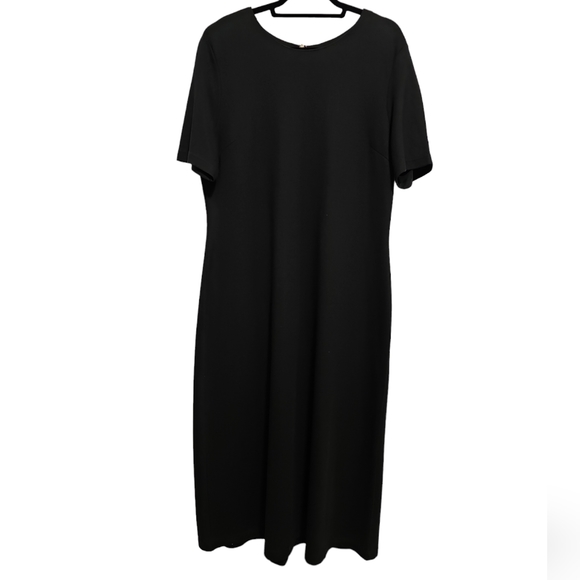 Appleseed's Long Black Dress - Picture 1 of 7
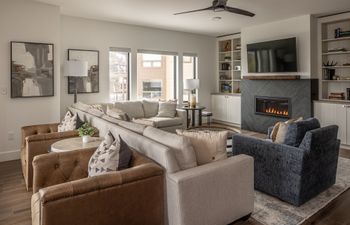 Powder & Hearthside Holiday Home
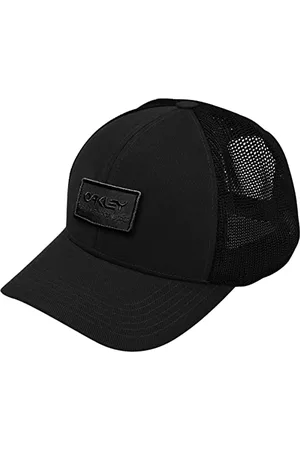 Oakley Hommes B1B HDO Patch courbé Capuchon de Coton - Noirout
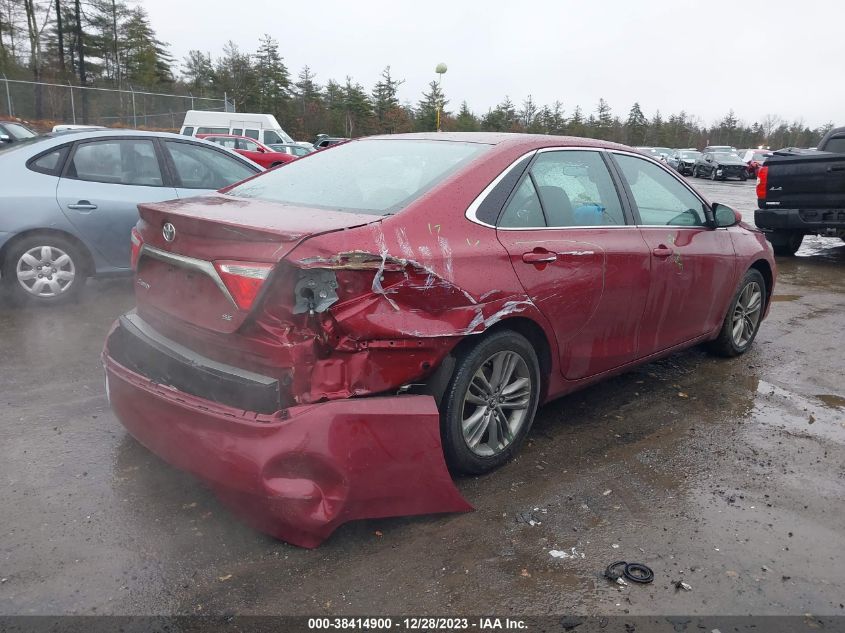 2016 TOYOTA CAMRY LE/SE/XLE/XSE - 4T1BF1FK6GU507036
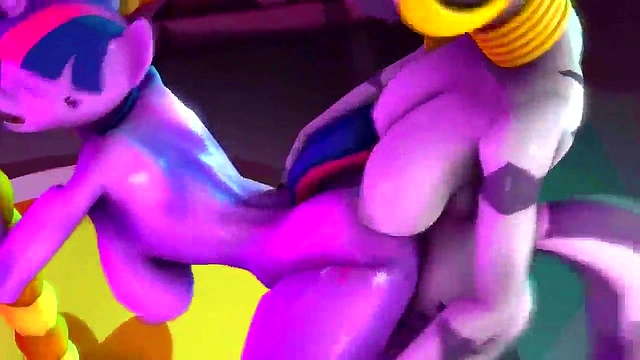 MLP Futanari Girls Futa Twilight Sparkle And Futa Zecora In a Hot and Sexy Time In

================================

**What is needed:** If a picture appears among the entries, omit it and reproduce everything else exactly.

**Exercise output:**
 Appleseed's Long Black Dress - Picture 1 of 7
 Powder & Hearthside Holiday Home
 Oakley Hommes B1B HDO Patch courbé Capuchon de Coton - Noirout
 2016 TOYOTA CAMRY LE/SE/XLE/XSE - 4T1BF1FK6GU507036
 MLP Futanari Girls Futa Twilight Sparkle And Futa Zecora In a Hot and Sexy Time In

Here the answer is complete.